Investors not necessarily pushing first home buyers out of the market: BIS Shrapnel's Robert Mellor
Jessie RichardsonDecember 7, 2020

It's not just investor activity, but changing benefits and an increased willingness to sit out of the property game that may be keeping first home buyers out of the market, according to one economist.

At BIS Shrapnel's Melbourne business forecasting conference earlier this week, managing director Robert Mellor commented that while investor activity did put upward pressure on prices, particularly in Sydney, there were other factors which are contributing to declining first home buyer numbers.

He cited the change in some first home buyer benefits as a catalyst for a recent shift in purchasing activity among the demographic. In New South Wales, first home buyers formerly received full stamp duty concessions on established homes, which Mellor explained equated to about a $17,000 benefit on a $550,000 purchase. The scheme ended in January 2012.

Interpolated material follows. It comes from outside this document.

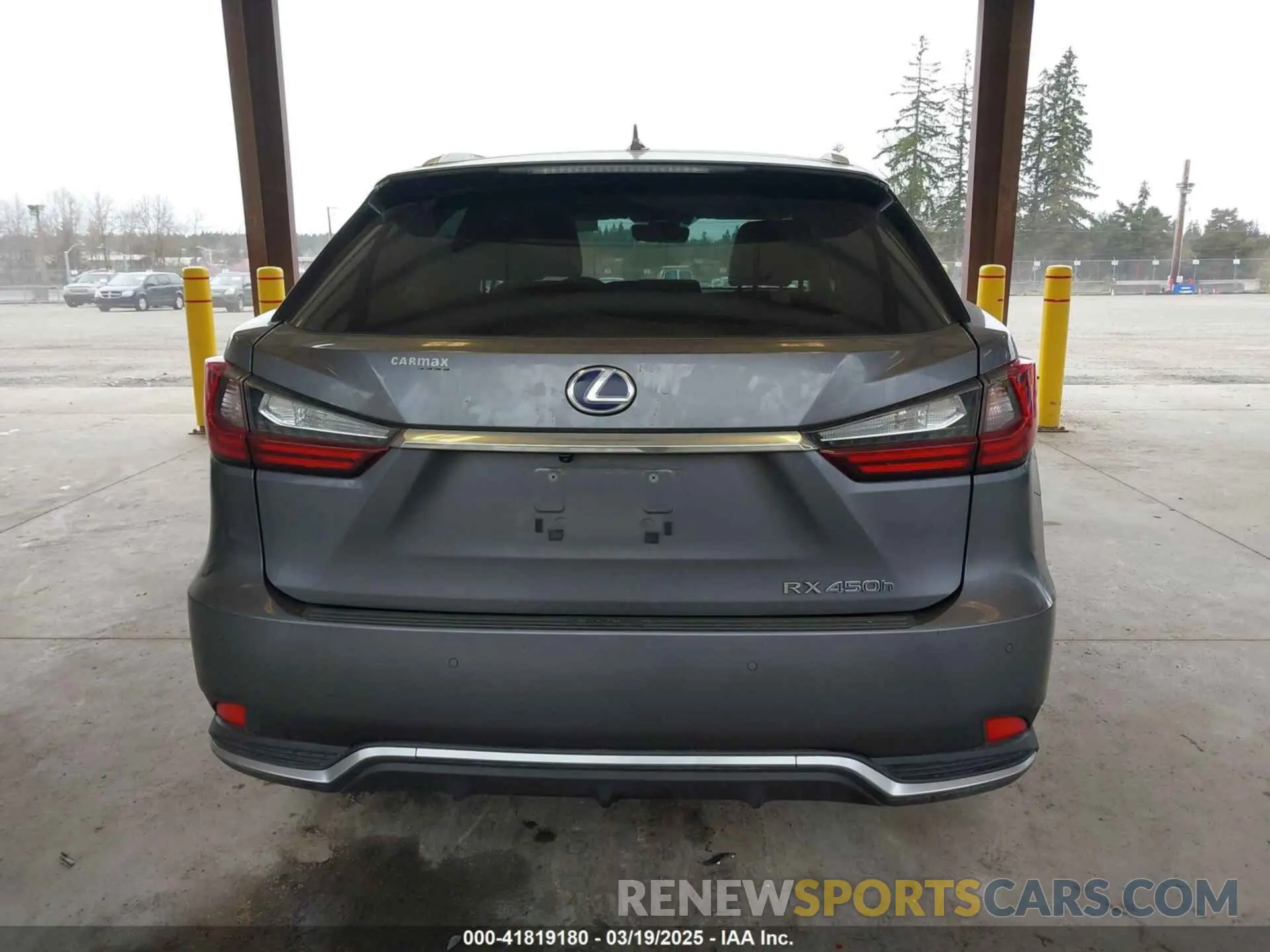 16 Photograph of a damaged car 2T2HGMDA0NC079557 LEXUS RX 450H 2022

"So those sort of changes mean for many first home buyers, certainly in NSW, you suddenly had to find another $20,000," said Mellor.

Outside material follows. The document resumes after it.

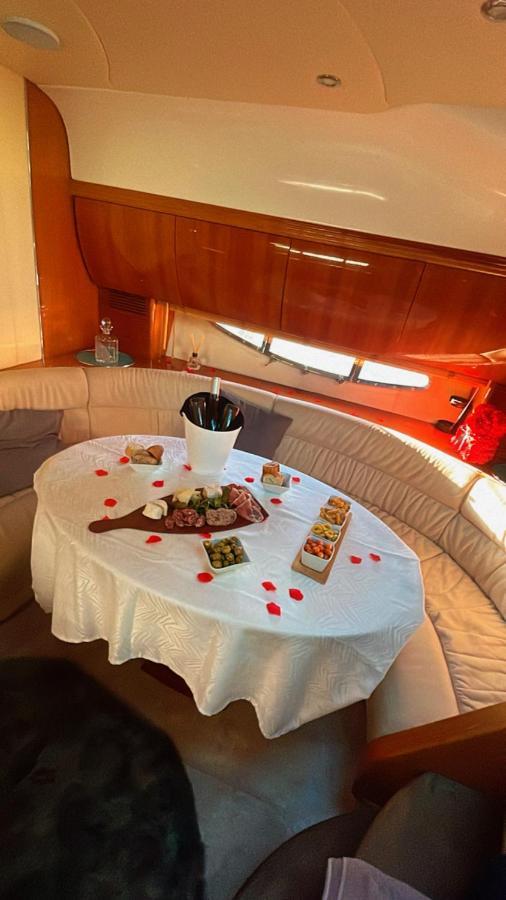 Hotel Experience Luxueuse Sur Un Yacht à Mauguio Extérieur photo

"So I'd argue the point that one of the problems for potential first home buyers was the change in the rules where grants and stamp duty benefits were only provided for new dwellings, rather than established dwellings.

"They effectively had to find another $20,000 fairly quickly."

The change, Mellor said, may have encouraged potential first home buyers to "sit out of the market for another year" to save more – only to find home price growth eclipsing their increased savings.

"And you've suddenly found that instead of trying to buy a $550,000 property, you were paying $630,000," he explained.

"And that...increase in price obviously totally swamped the lost value of the grants."

First home buyers who were unable to anticipate recent price growth, particularly in Sydney, may have found themselves priced out of the market. After a period of suppressed house prices, Mellor explained, many inexperienced buyers would not have expected prices to escalate in Sydney as they have in recent years. He also acknowledged the Australian Bureau of Statistics' admission that its first home buyer figures may be inaccurate.

"Everybody thought three years ago Sydney house prices were already very high. Well they weren't – they were undervalued in a long term context," said Mellor. However, he said that although Melbourne had not experienced the same price strength as Sydney, a similar situation had occurred when the Victorian government abolished its first home owner grant for established properties. Nevertheless, the declines in first home buyers numbers recorded in New South Wales and Queensland have been "much more severe".

The BIS Shrapnel head also attributed some of the lowered participation of first home buyers to a generational shift in attitudes towards home ownership, with uncertainty about future employment and lifestyles leading some to put off purchasing a home.

Mellor likened the relationship between investors and first home buyers to a "chicken and the egg kind of situation".

"Is it the investors forcing first home buyers out of the market? I would say they were out of the market simply because of the change in the conditions for them, and then once they sat on the sidelines, they couldn't purchase," said Mellor.